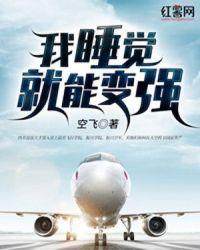 我睡觉就能变强空飞全文阅读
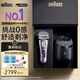 博朗9系巔峰版2.0清潔護(hù)理中心電動剃須刀整機(jī)德國進(jìn)口往復(fù)式禮盒款送男朋友老公生日七夕情人節(jié)禮物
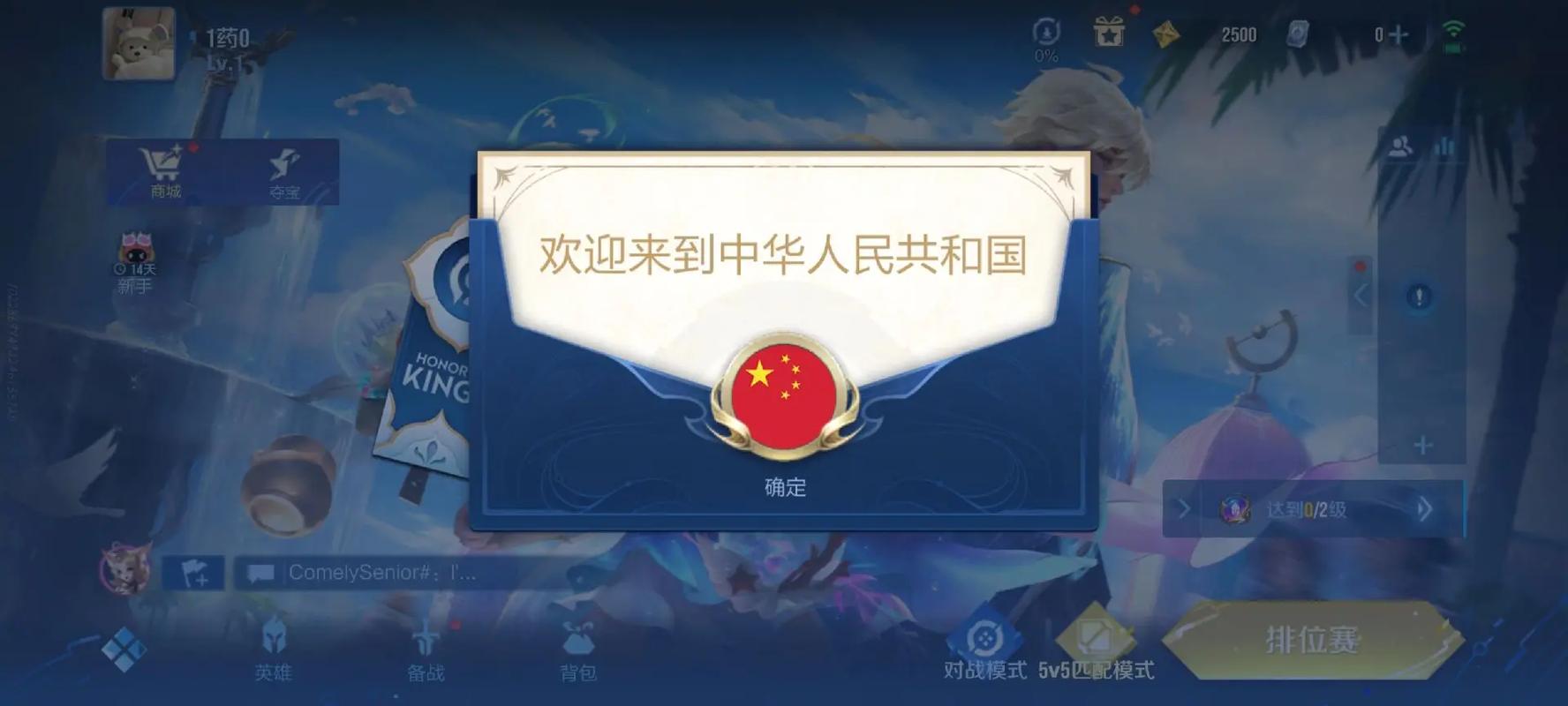 王者荣耀bbbs长城小队中国语国际版图标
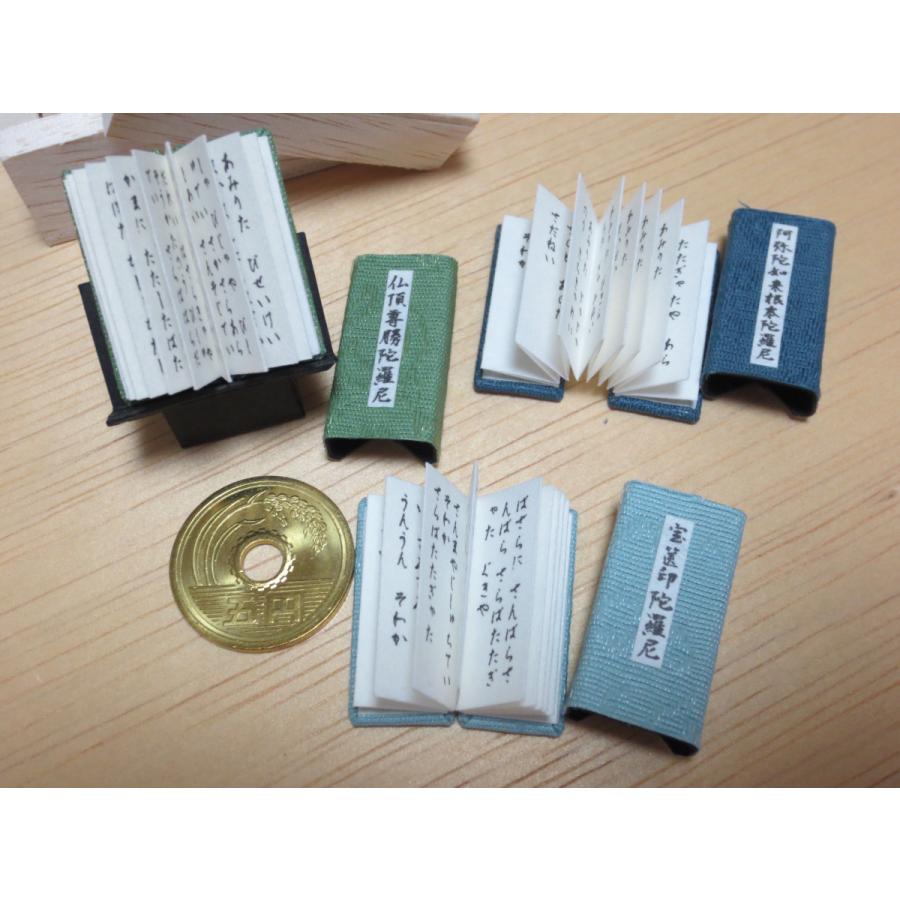 三大陀羅尼　豆経本　小さなお経　木箱入り |  | 04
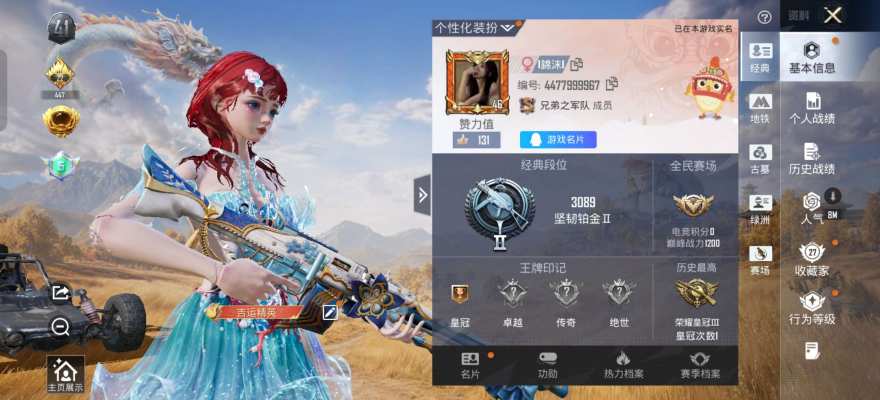 和平精英服务图片1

▬▬▬

## WHAT IS BEING ASKED
Only the pictures in the listing above get left out; print everything else exactly.

## SOLUTION
 我睡觉就能变强空飞全文阅读
 博朗9系巔峰版2.0清潔護(hù)理中心電動剃須刀整機(jī)德國進(jìn)口往復(fù)式禮盒款送男朋友老公生日七夕情人節(jié)禮物
 王者荣耀bbbs长城小队中国语国际版图标
 三大陀羅尼　豆経本　小さなお経　木箱入り |  | 04
 和平精英服务图片1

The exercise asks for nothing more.